Author and journalist, Dahr Jamail, spoke at the School of Communications at the University of Alaska Anchorage, Monday evening. The lecture hall was packed to overflowing, with several students attending, along with members of the general public.
Jamail is on a national book tour, promoting his new book, The Will to Resist: Soldiers Who Refuse to Fight in Iraq and Afghanistan. From what I have read in it so far, it is an interesting and provocative work. During the Vietnam War, there weren't nearly as many critical books coming out while the war was still in its expansion phase, as there have been recently about what are now Obama's expanding wars.

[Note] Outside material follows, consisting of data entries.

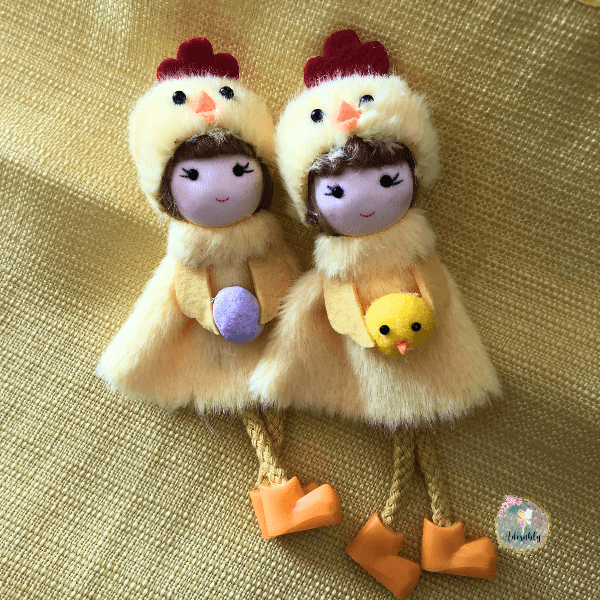 Chick Hanging Doll Ornaments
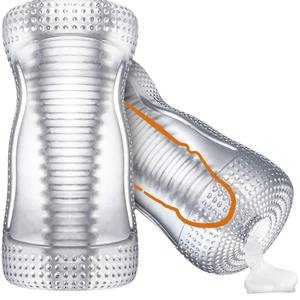 Transparenter Herren Kanten Trainer Cup Delay Mastur bator für Eichel Stimulation und Ausdauer Übung <span class=keywords><strong>Sexual</strong></span> Health Toy - Product Image 1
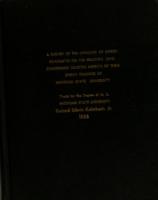 A survey of the opinions of speech graduates on the master's level concerning selected aspects of their speech training at Michigan State University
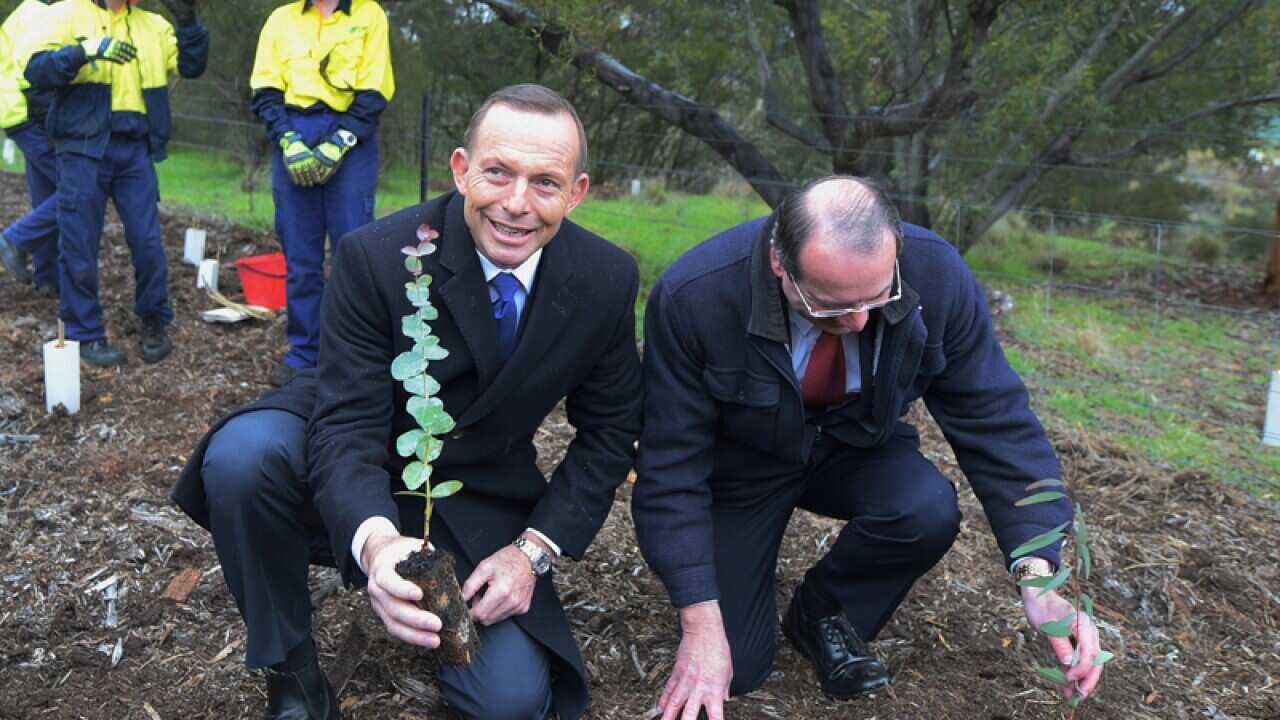 Australian Prime Minister Tony Abbott.
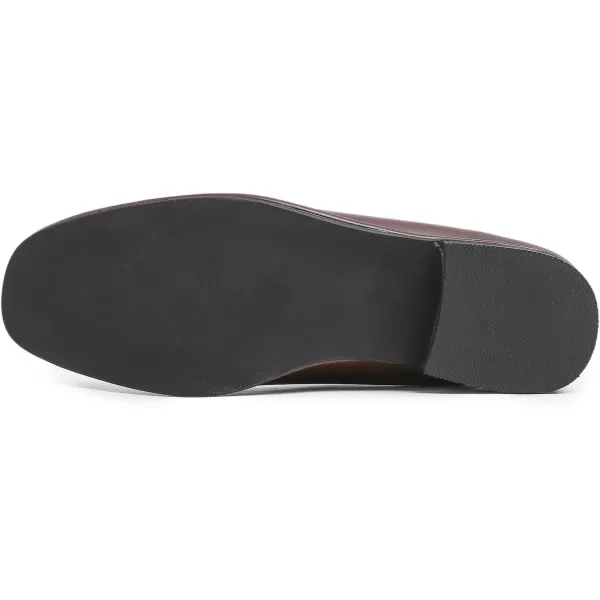 FEVERSOLE Women's Fashion Dress Comfort Low Heel Office Penny Loafer Flats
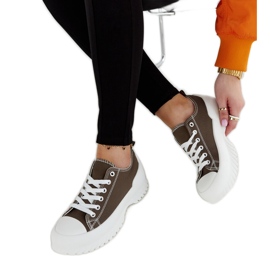 Grønne Monteleone platform sneakers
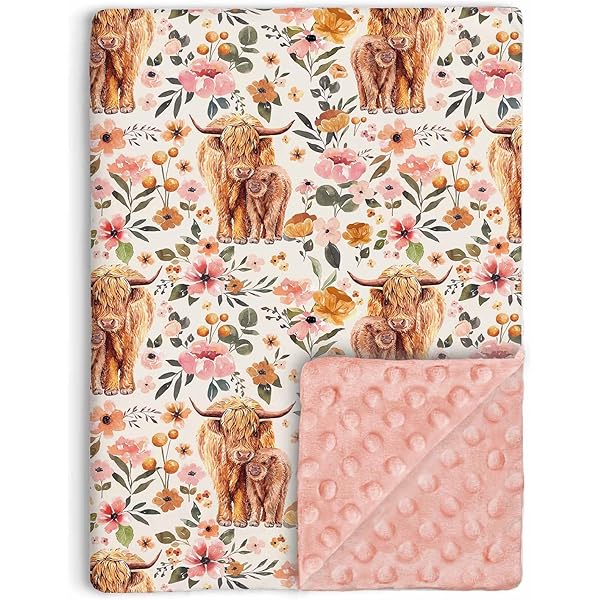 Breastfeeding Cover HawSkgFub Highland Cow Boho Floral Changing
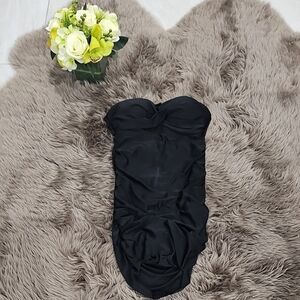 Elegant Black Strapless Dress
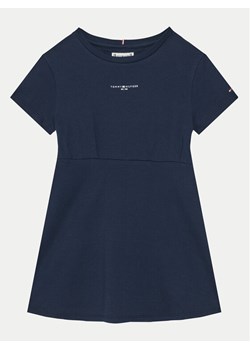 Tommy Hilfiger Sukienka codzienna KG0KG08350 M Granatowy Regular Fit ze sklepu MODIVO w kategorii Sukienki dziewczęce - zdjęcie 182619687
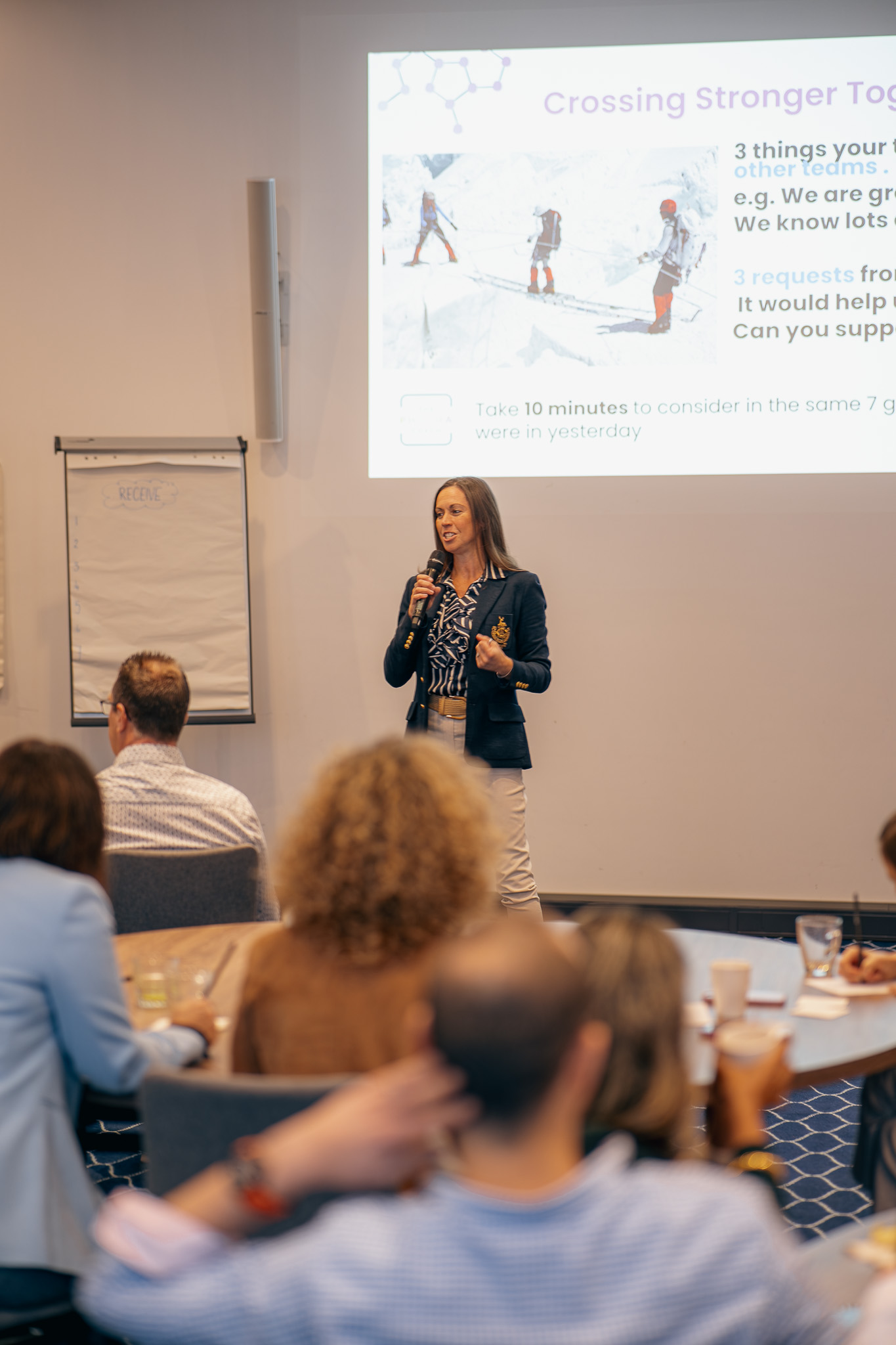 An Inscape facilitator leading a resilience session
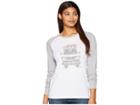 The North Face Long Sleeve Take To Nature Tri-blend Tee (tnf White Heather/tnf Light Grey Heather) Women's Long Sleeve Pullover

He received a standing ovation. In the question & answer session after his talk, I related that I left college to serve in the U.S. Army during the Vietnam War, then went back to college afterward. I've been teaching at UAA since before September 11th, 2001. Before the war, about 15% of my students were military, 10% recently released Veterans. After the wars ramped up in 2003, the number of students who are in the military went down drastically. It has come back up, though, and I am concerned about campus support for our Veterans.
Many seem to be OK and are great students. Some are indifferent. But some have been through severe stresses that make their pursuit of a degree difficult at best.
I asked if, on his talks on campuses around the USA, he knew of college-based support networks for our Veterans. He knew of none, save at a couple of large schools. He doubted that there will be much effort to fix this, as some systems - notably the University of California one - are undergoing immense budget cuts.